Then I'll quote remarks I made in my ongoing listing of significant issues with the article above: "the quote from Amir seems unnecessarily polemical, especially since he doesn't seem to be a widely regarded historian, and is probably given undue weight." For some reason, the introductions to academic history books are often written by little known authors and frequently include sensational claims that the main authors don't necessarily agree with. If that quote is kept, I would be concerned about the translation. I don't speak Hebrew, so I can't check it. The book was published when Vrba was still alive; wouldn't the authors be worried about libel claims for what is clearly a personal attack on him? Not to mention the extreme tastelessness of the statement. Catrìona (talk) 04:10, 22 July 2018 (UTC)
Amir has been removed. SarahSV (talk) 05:59, 22 July 2018 (UTC)
Vrba's "figure of 1,750,000 murdered should be compared to the number of people historians believe were killed before his escape, around 600,000-700,000." Catrìona (talk) 14:04, 22 July 2018 (UTC)
I've added the USHMM figures for 1940–1945. SarahSV (talk) 17:17, 22 July 2018 (UTC)
That doesn't address my concern. I can understand that there isn't a scholarly figure of deaths from the time that Vrba was there, but I still think that we should, in fewer words, state the overall number killed, and also the number of Hungarian Jews killed on arrival after Vrba left (320,000, according to the same source that you cited.) Otherwise, we're comparing the number killed in the entire operation of the camp versus the limited period that Vrba was there and based his estimates on. (edit: perhaps something like "Scholars agree that 1.1 million people died at Auschwitz, including at least 320,000 Hungarian Jews who arrived after Vrba's escape." I don't think it's necessary to state exactly who died.

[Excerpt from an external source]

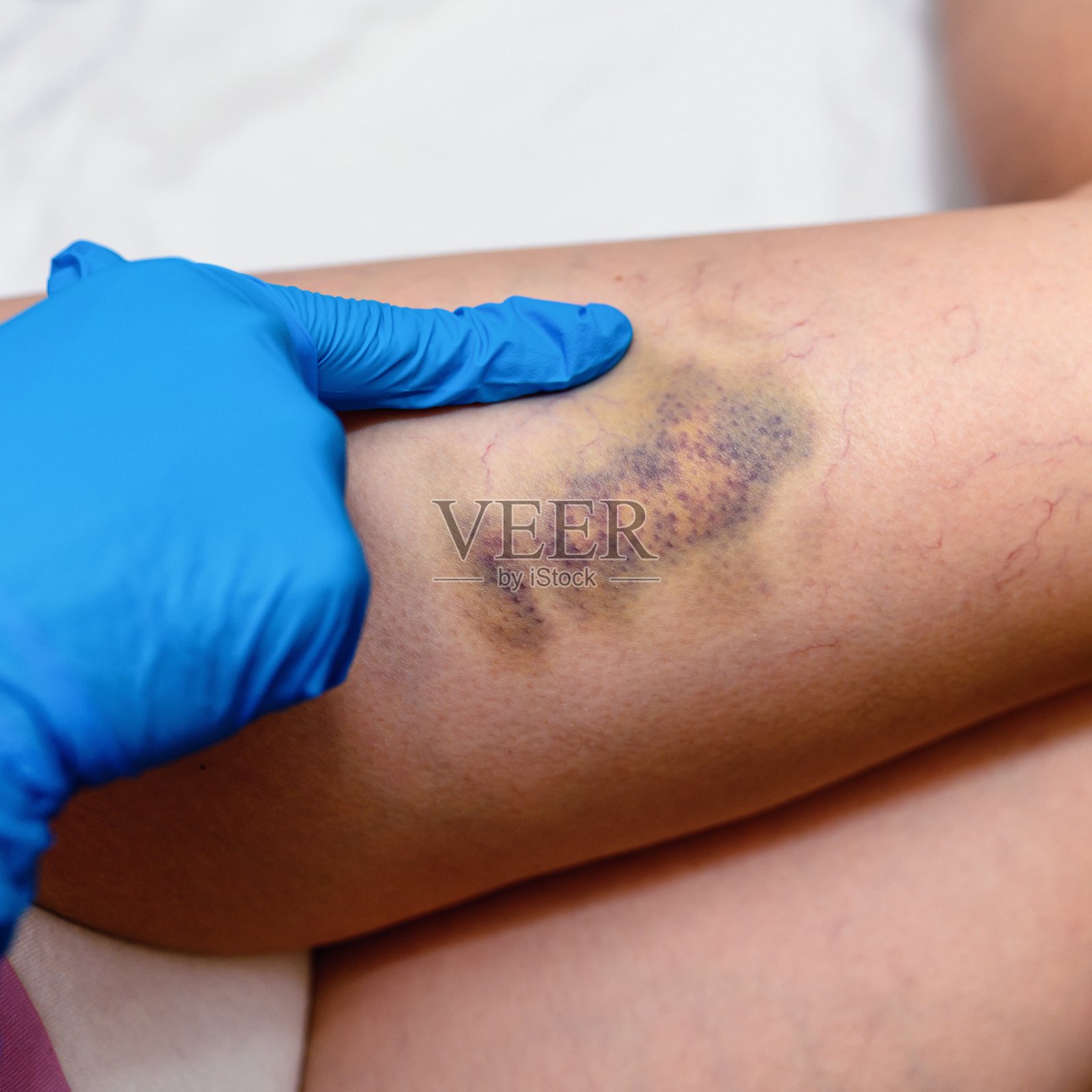 腿部瘀伤照片摄影图片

We should also challenge Vrba's figure that 90 per cent of Jews arriving at Birkenau were being killed, because the actual figure was about 75% according to the USHMM.)
Regarding the Klein section, not only is it anecdotal and given excessive weight, I don't think that it helps elucidate anything, as you claimed earlier. It creates a false impression that
1) there was no credible, available information about the Final Solution before the Vrba-Wetzler report (see Bauer 2002, p. 223-224, 233, 235, etc.: "This information, as we have seen, was very widespread; those who were ready to accept it as true did not need the protocols to convince them; everyone else rejected it")
2) that a significant number of Jews, who chose to believe the news of the Final Solution, could have individually escaped. (see Bauer 2002 p. 235)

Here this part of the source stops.